REQUIRED WORK:
What needs reproducing is the run of lines in the data below starting at the line with "X2 cabochons vert brillant résine 16mm" and ending at the line with "Gọng kính cận", both ends included. Copy it exactly, without pictures, and add nothing.
== RECORDS SHOWN
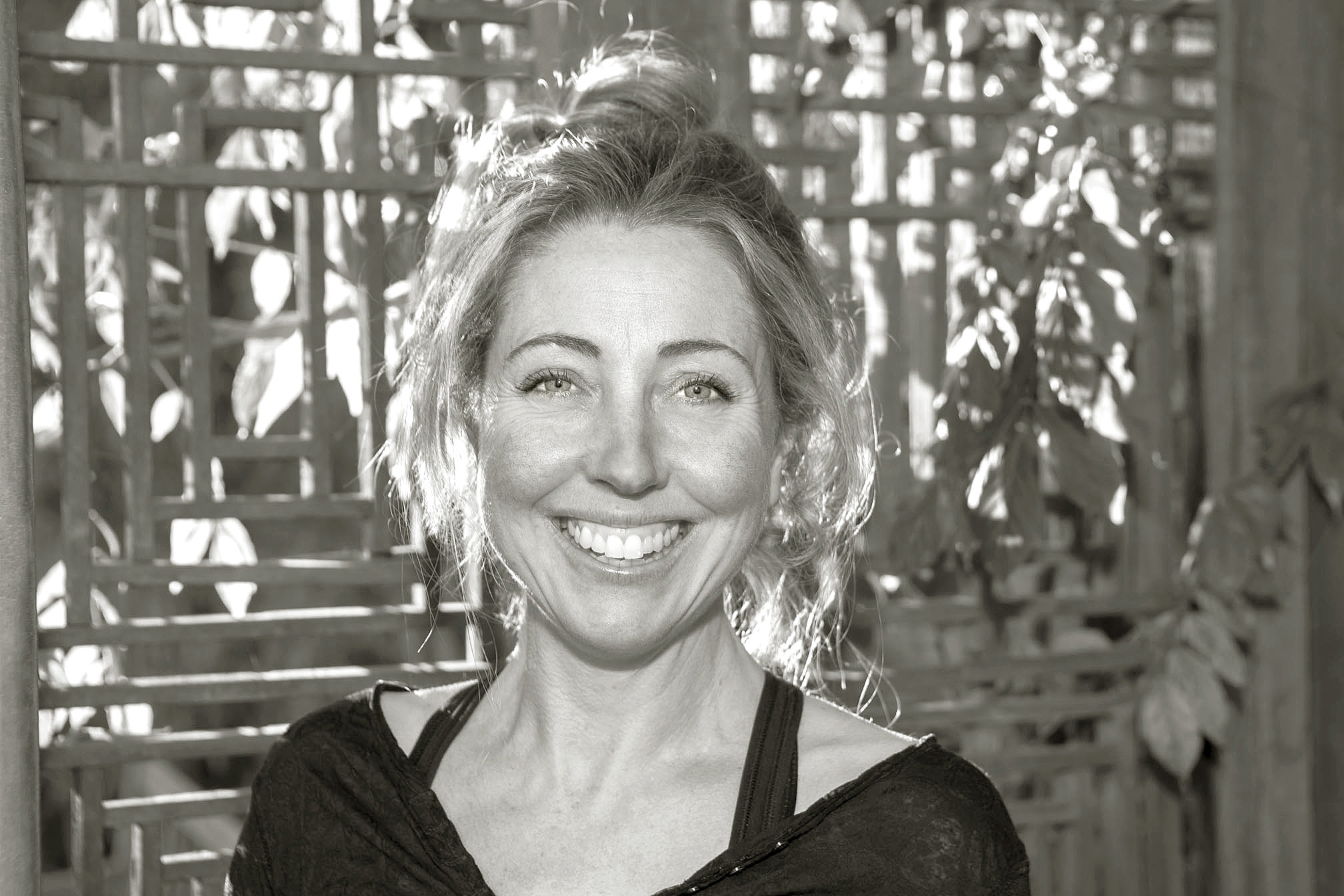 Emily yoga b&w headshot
====
== RECORDS SHOWN
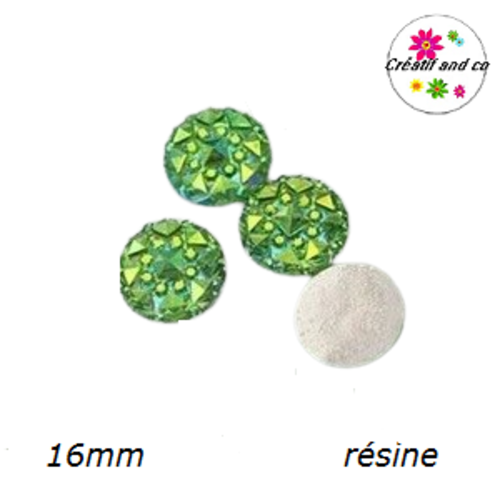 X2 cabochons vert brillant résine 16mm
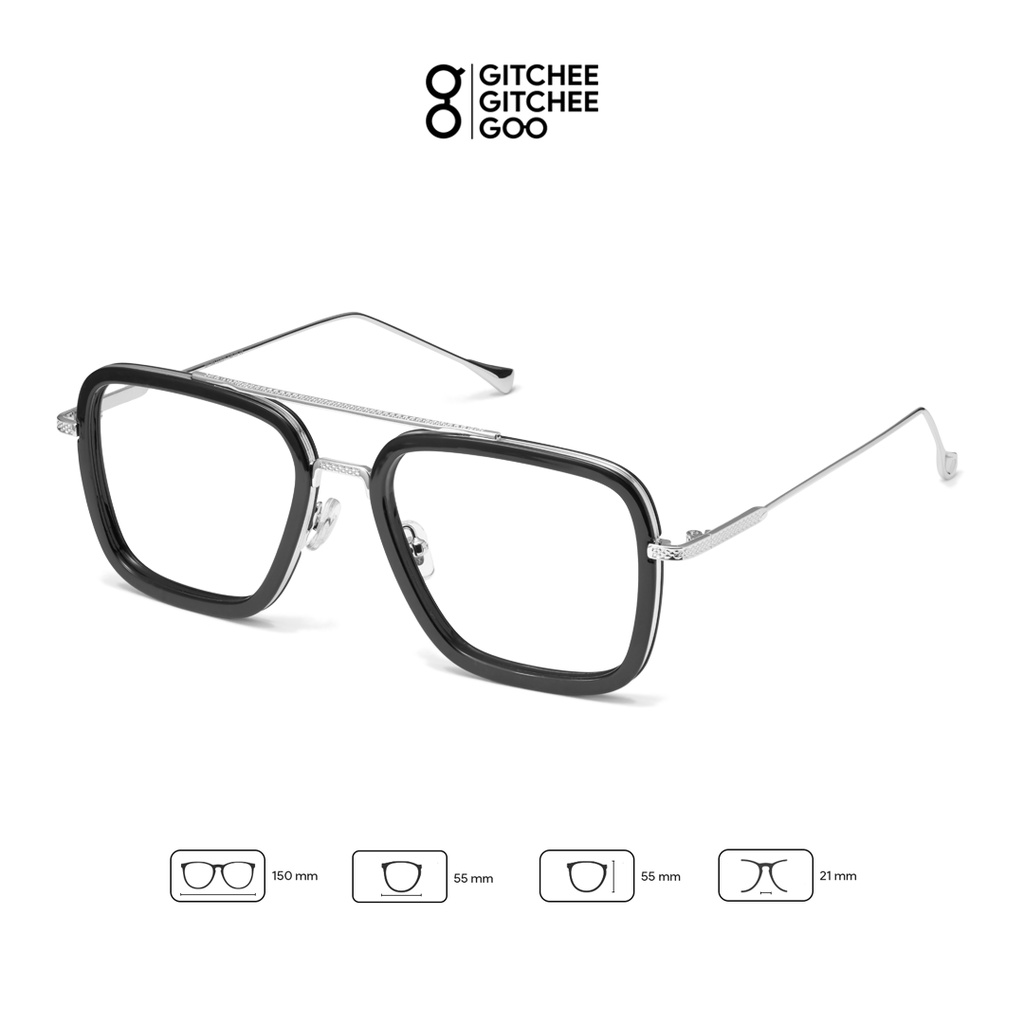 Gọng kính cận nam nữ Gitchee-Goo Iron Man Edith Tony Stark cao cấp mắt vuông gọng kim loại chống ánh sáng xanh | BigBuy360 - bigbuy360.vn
====
ANSWER FOR THIS EXERCISE:
 X2 cabochons vert brillant résine 16mm
 Gọng kính cận nam nữ Gitchee-Goo Iron Man Edith Tony Stark cao cấp mắt vuông gọng kim loại chống ánh sáng xanh | BigBuy360 - bigbuy360.vn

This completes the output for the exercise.